* **Task to carry out**:
Write the records out exactly, so that no picture remains in the copy.

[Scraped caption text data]
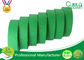 クレープ紙容易な解放ペインター色の保護テープ60のYdsの緑の長さX 1&quot;幅 サプライヤー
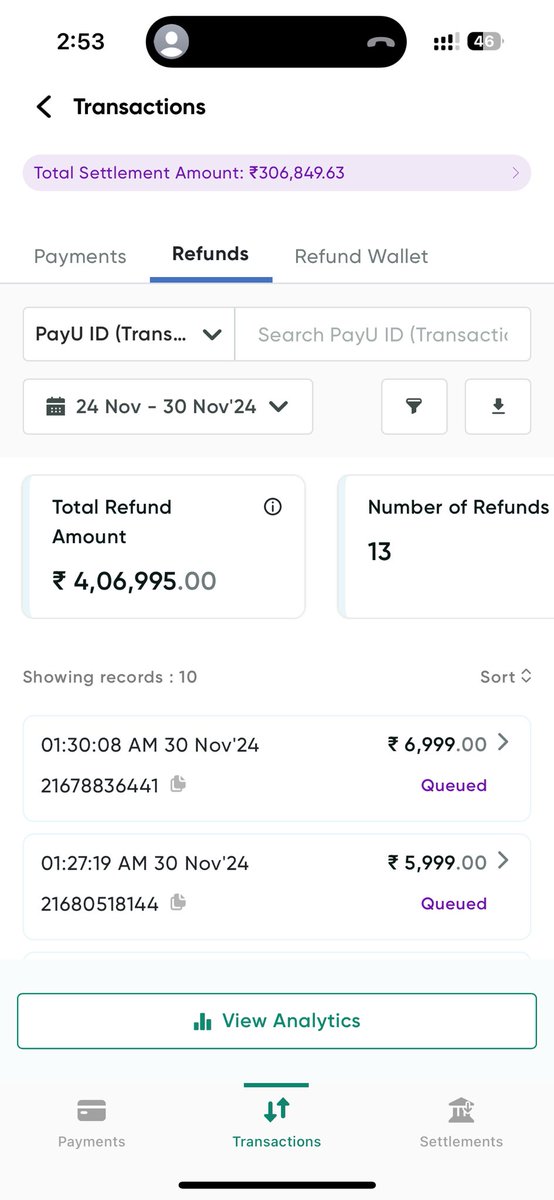 MohdOnlyaahil's tweet photo. @PayUindiaCare AND EVERY TRANSACTION IS BEING REFUNDING EVEN I HAVENT REFUND THESE AMOUNT
IT IS AUTOMATICALLY REFUNDING https://t.co/nJpG3ZFffz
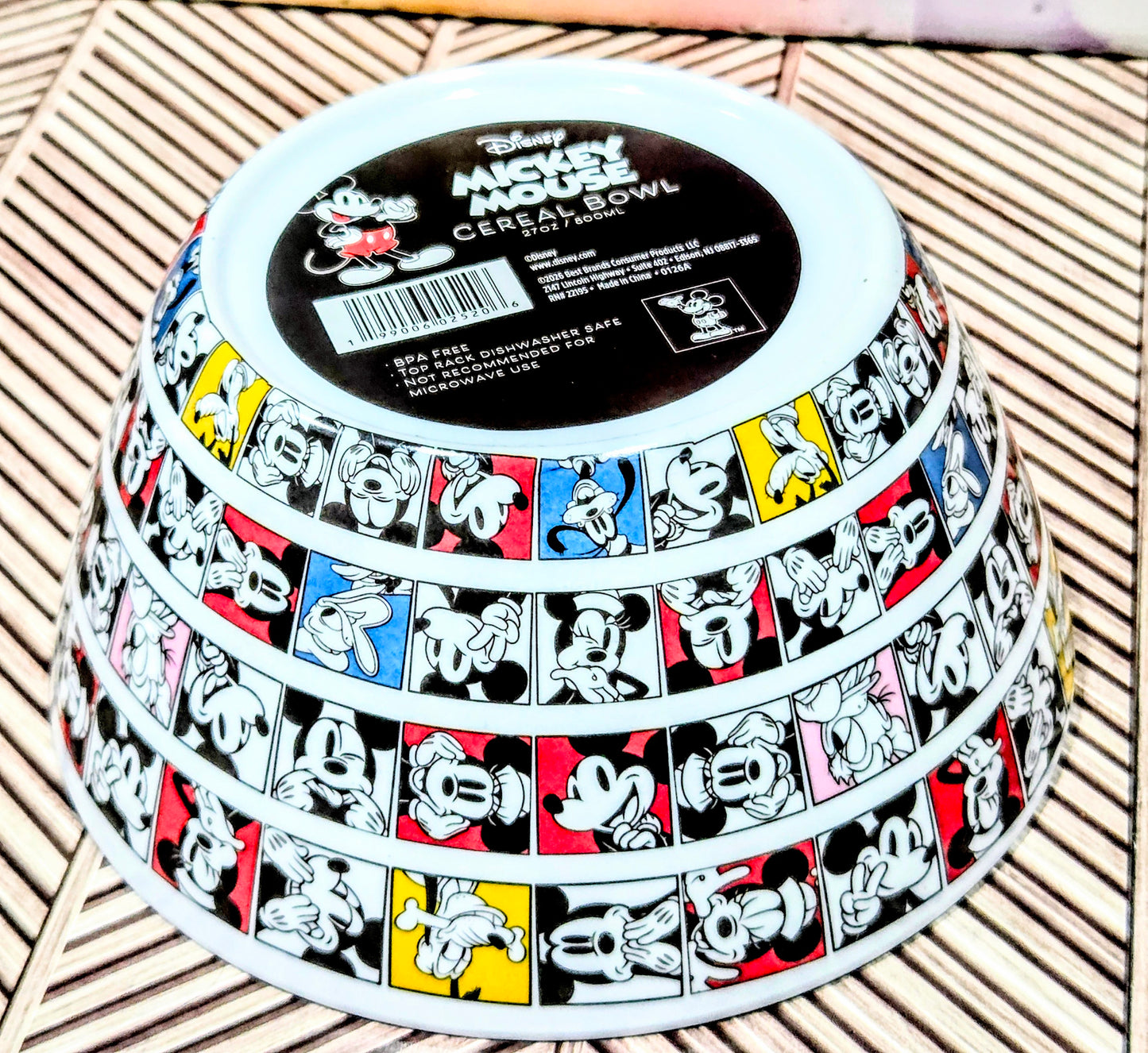 Disney Mickey & Minnie Mouse Kitchen Bundle - 9 Piece Set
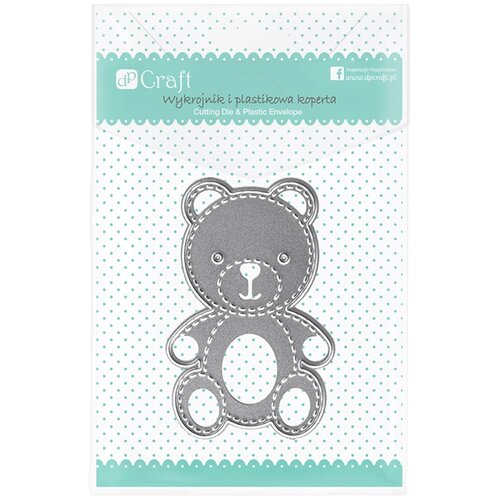 Šablon za rezanje Teddy Bear 4.1x6.2 cm Slike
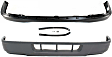 2-Piece Kit, Front Bumper, RWD, Painted Black, Includes (1) Bumper and (1) Valance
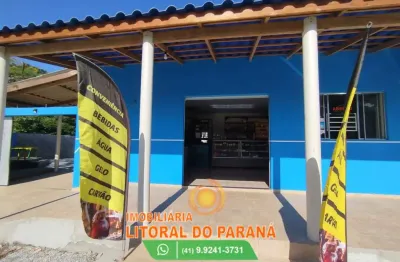 Casa em alvenaria  - 02 dormitórios - shangrila - pontal do paraná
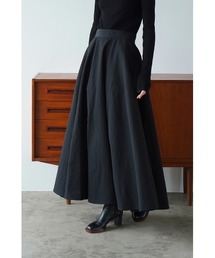 CLANE | VOLUME FLARE MAXI SKIRT(スカート)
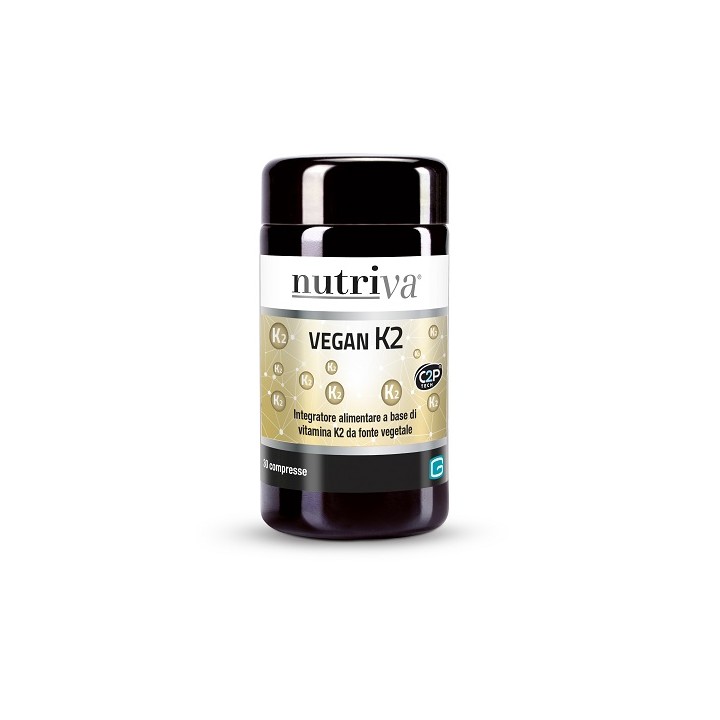 NUTRIVA VEGAN K2 30CPR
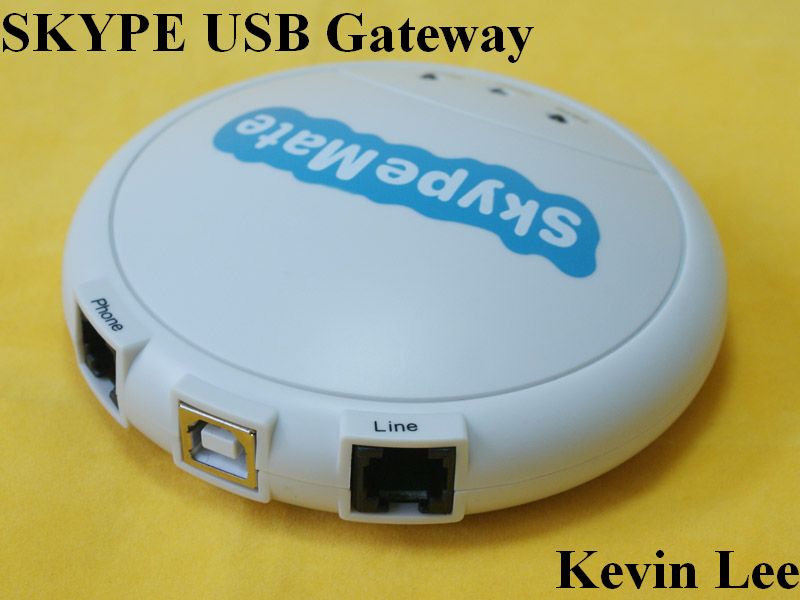 USB Skype Gateway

* **Answer area**:
 クレープ紙容易な解放ペインター色の保護テープ60のYdsの緑の長さX 1&quot;幅 サプライヤー
 MohdOnlyaahil's tweet photo. @PayUindiaCare AND EVERY TRANSACTION IS BEING REFUNDING EVEN I HAVENT REFUND THESE AMOUNT
IT IS AUTOMATICALLY REFUNDING https://t.co/nJpG3ZFffz
 Disney Mickey & Minnie Mouse Kitchen Bundle - 9 Piece Set
 Šablon za rezanje Teddy Bear 4.1x6.2 cm Slike
 2-Piece Kit, Front Bumper, RWD, Painted Black, Includes (1) Bumper and (1) Valance
 Casa em alvenaria  - 02 dormitórios - shangrila - pontal do paraná
 CLANE | VOLUME FLARE MAXI SKIRT(スカート)
 NUTRIVA VEGAN K2 30CPR
 USB Skype Gateway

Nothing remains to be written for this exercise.